Bug 1035484

Summary: Manager VM disappears unexpectedly during install
Product: Red Hat Enterprise Virtualization Manager Reporter: Andrew Dingman <adingman>
Component: ovirt-hosted-engine-setupAssignee: Sandro Bonazzola <sbonazzo>
Status: CLOSED ERRATA QA Contact: movciari
Severity: high Docs Contact:
Priority: unspecified    
Version: 3.3.0CC: acathrow, bazulay, danken, dfediuck, iheim, lpeer, ofrenkel, pstehlik, sbonazzo, yeylon
Target Milestone: ---   
Target Release: 3.3.0   
Hardware: Unspecified   
OS: Unspecified   
Whiteboard: integration
Fixed In Version: Doc Type: Bug Fix
Doc Text:
Cause: cgconfig was not started causing libvirt to fail, this is not covered by libvirt for some reason. Consequence: libvirt is unusable. Fix: start cgconfig if exists. Result: libvirt is usable.
Story Points: ---
Clone Of: Environment:
Last Closed: 2014-01-21 16:57:30 UTC Type: Bug
Regression: --- Mount Type: ---
Documentation: --- CRM:
Verified Versions: Category: ---
oVirt Team: --- RHEL 7.3 requirements from Atomic Host:
Cloudforms Team: --- Target Upstream Version:
Embargoed:

Description Andrew Dingman 2013-11-27 21:40:23 UTC
Description of problem:

When installing the OS and RHEV Manager, the virtual machine terminates unexpectedly.
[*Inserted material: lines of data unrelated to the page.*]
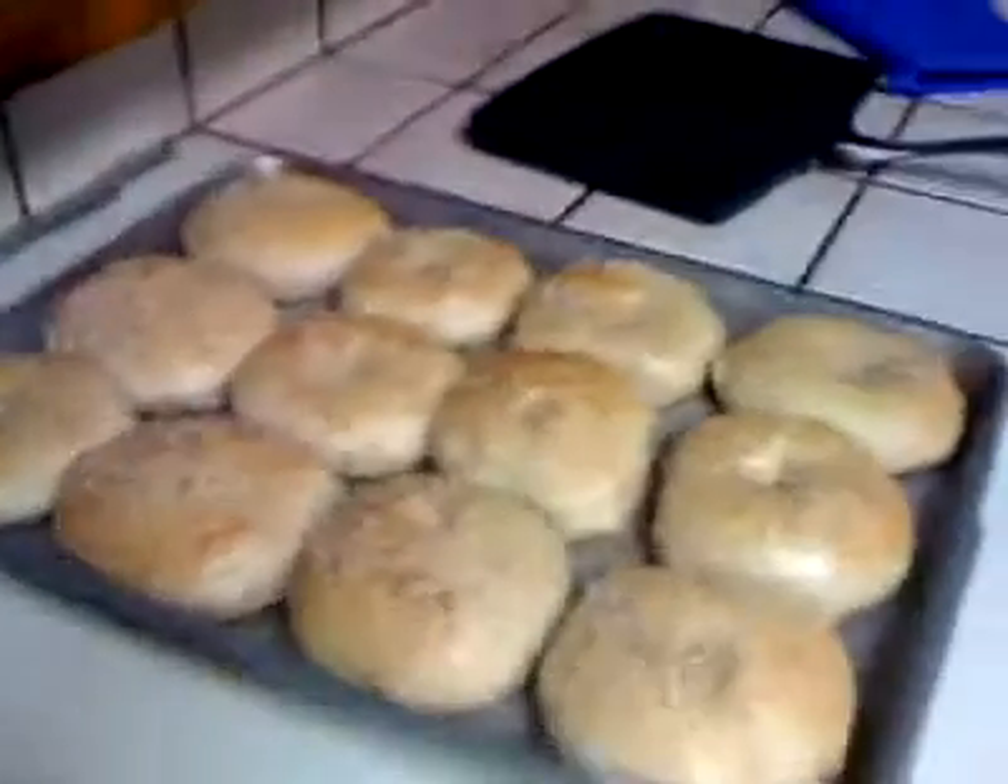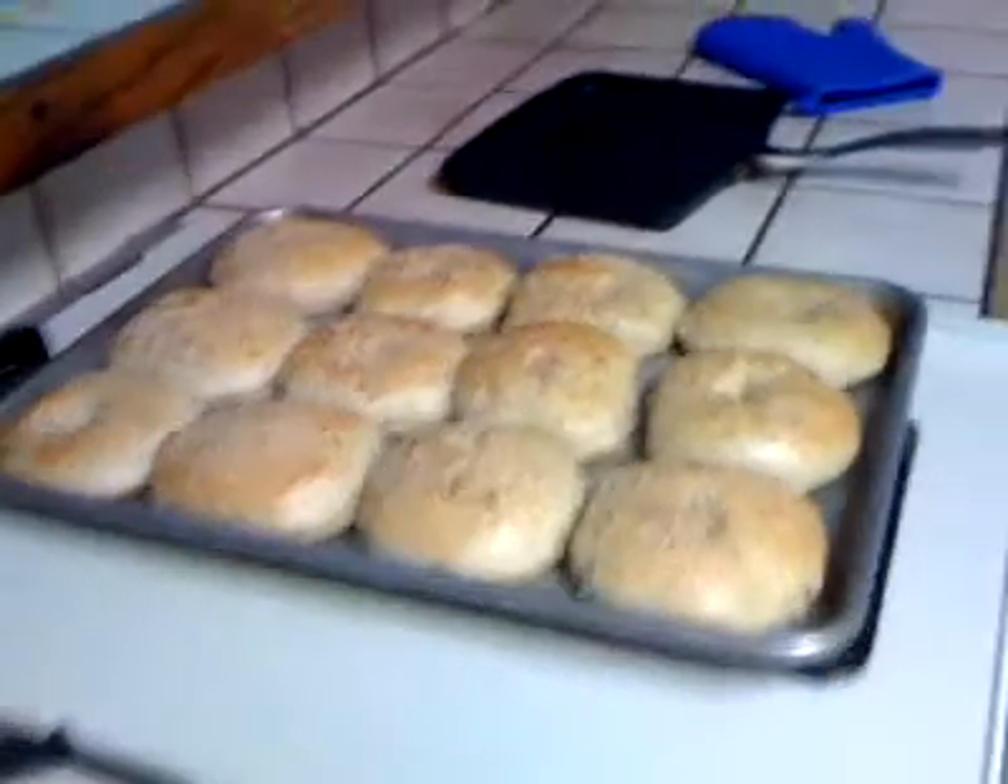And they look wonderful and smell great. Alright, we'll see you later.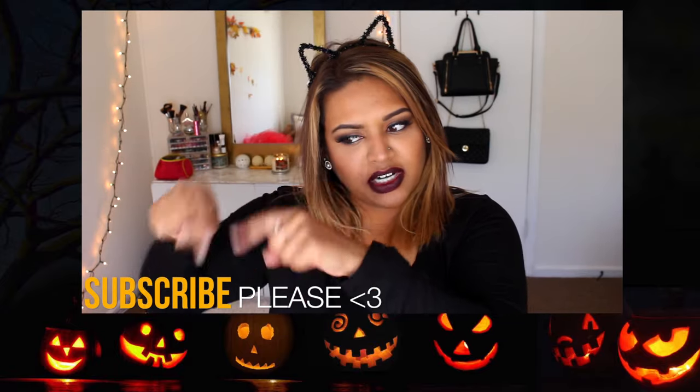Please give this video a thumbs up if you liked it and go ahead and hit that subscribe button down below. And yeah, let's get rolling. I hope you guys like it.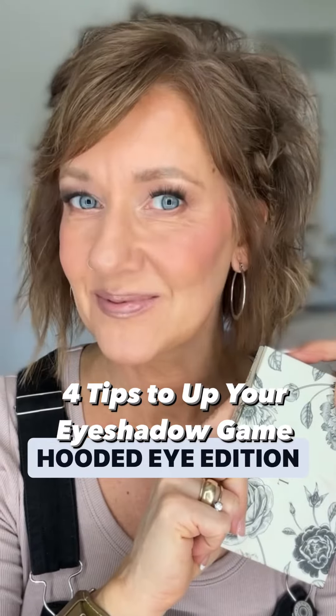Have you given up wearing eyeshadow, or do you have hooded eyes and really struggle to get the look that you want? I'm going to give you four simple tips to help you out.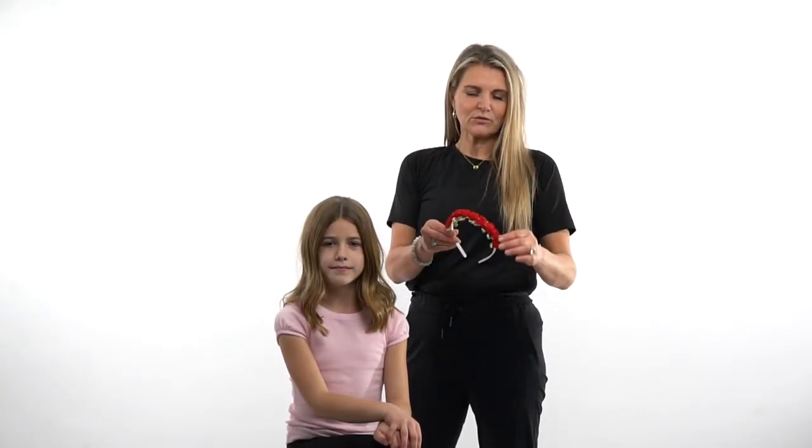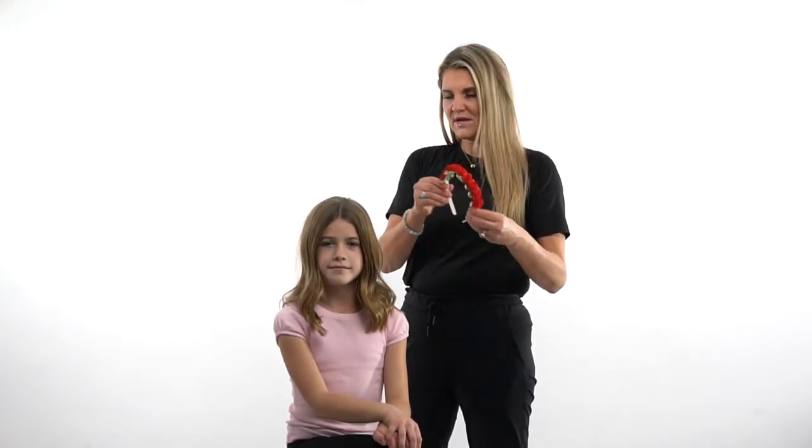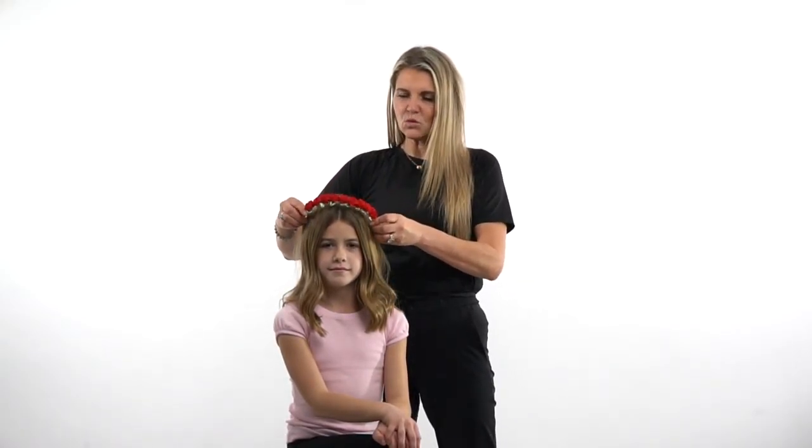Hi, I'm Heather at Little Adventures, and this is our red flower headband. It's made of a soft plastic headband with beautiful red roses made of ribbon on the top. It's also got little sage green ribbon leaves as well, so it's just a beautiful little headband.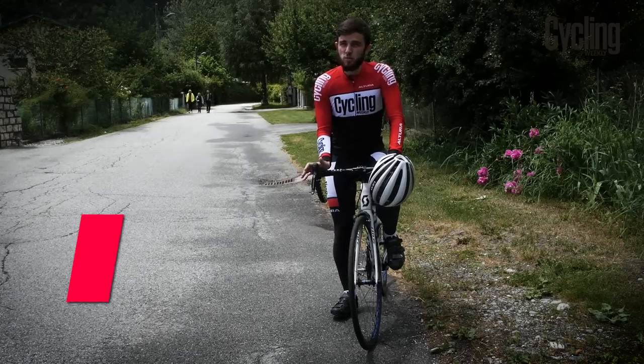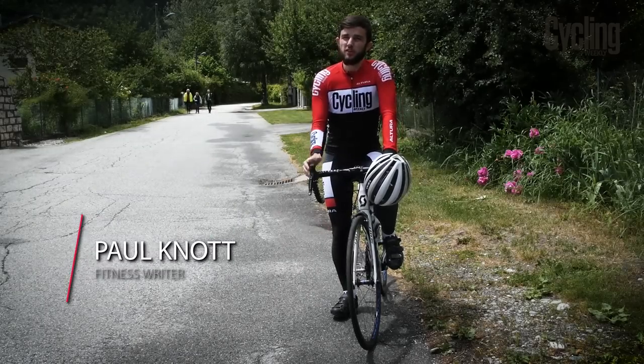Riding with clipless pedals is a natural progression for anyone looking to progress throughout the sport. However, if you're unaccustomed to using them, these helpful tips will see you reaping the benefits in no time.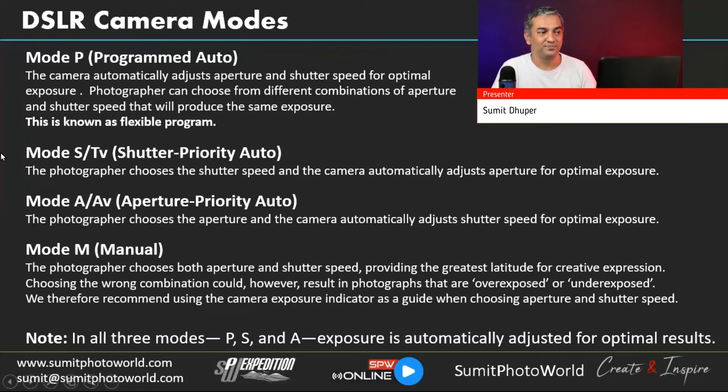Shutter Priority mode (S or Tv) is used when capturing action — your priority is a specific shutter speed. You select the shutter speed, and the camera controls the aperture to achieve proper exposure. Depending on the light condition, you may notice the camera is opening the aperture very wide. We'll discuss in detail how to control aperture even when in shutter priority mode.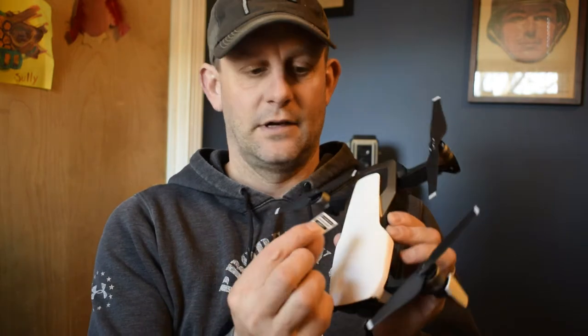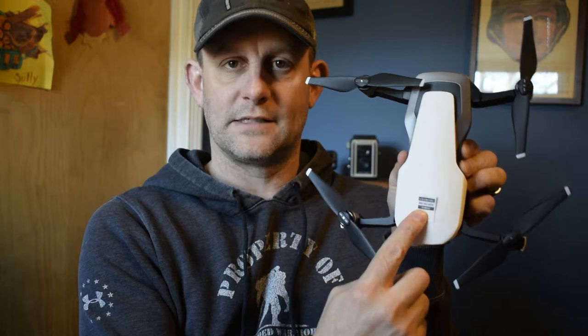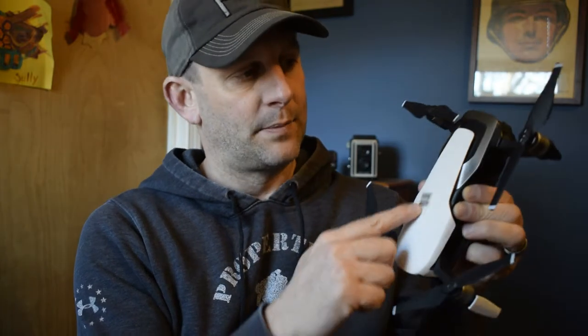The stickers it came with — you can get different colored stickers. It's black printed font with either a white background or a clear background. My Mavic Air is white so I decided to go with the black with a clear background. You can put this anywhere on the drone — I'm going to put it probably towards the back.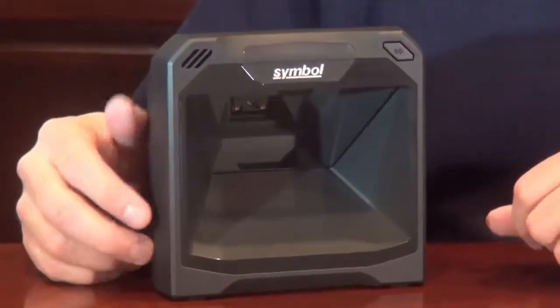Hi, my name is Warren Zulch, and I'm the product manager of the new DS7708 scanner by Zebra Technologies. The first thing you'll notice about the DS7708 is its recessed scan window. We've recessed the window back and up into the scanner to protect it from nicks and scratches, which can be detrimental to imaging performance.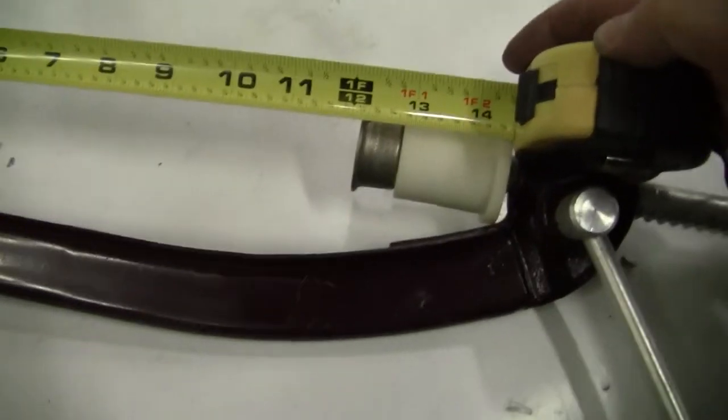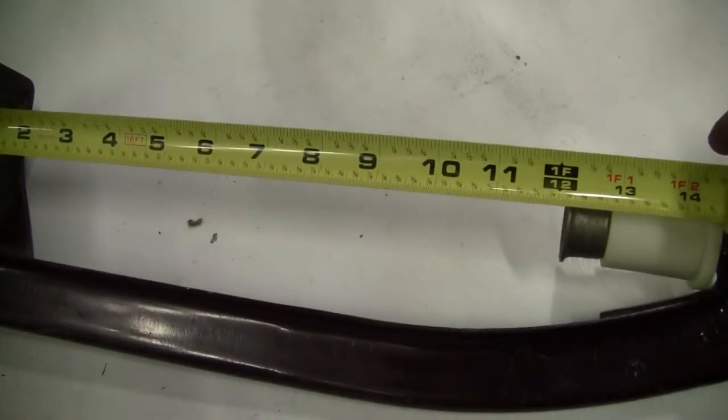Hi, this is Michael from Hi-Tech Trader. Today we're looking at a bottle camper, just right here. Just under 12 inches. You have an inch and a half diameter on the top.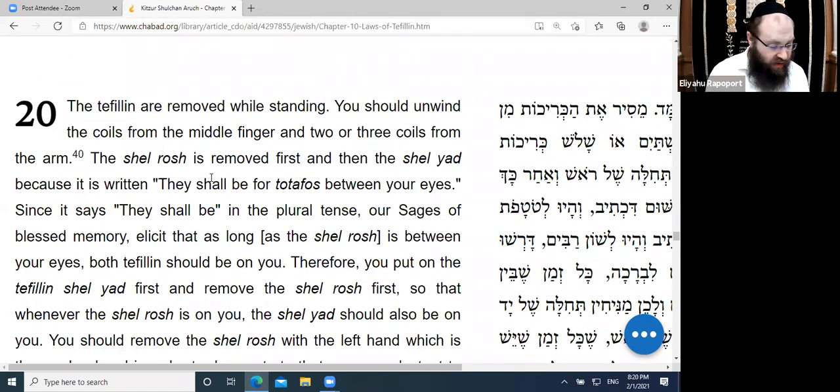The Alter Rebbe is quite strict about making sure that when the Tefillin are in the right place in the middle of the head, they are exactly in the middle. That's why there is a custom to use a mirror to make sure it is exact.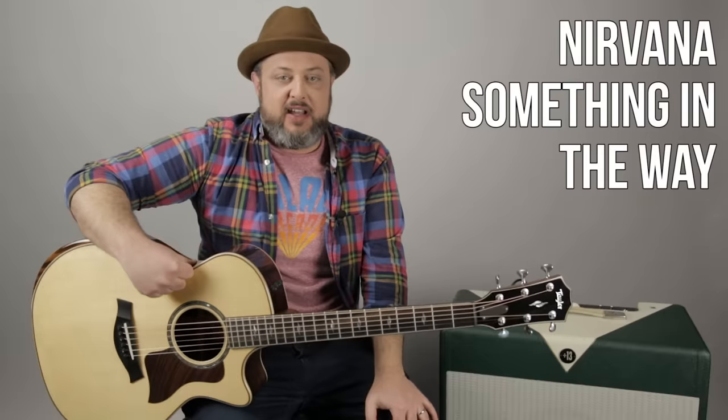Hey, what's up you guys? Marty Schwartz here with Marty Music. Very excited because this lesson will complete the entire Nirvana Nevermind album at Marty Music — all the lessons of the album. So that's kind of fun.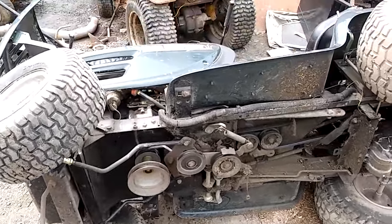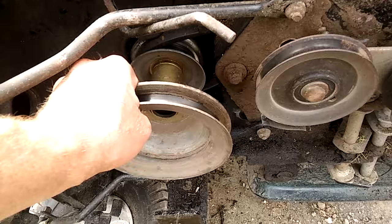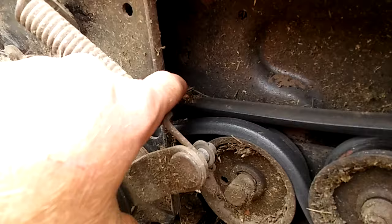On an MTD yard machine, here's how to route the belt. This is the upper belt and this would be the lower. The drive belt goes around the main pulley over here — it comes out with a 5/8 bolt and goes through this passage here, which is considered the shelf.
It may happen in either the OS install or the engine install phases.

When it happens in the OS install phase, trying again with the hosted-engine commands you are prompted for works. When it happens in the engine-install phase, the VM state appears to become inconsistent. --vm-start and --vm-poweroff both error out.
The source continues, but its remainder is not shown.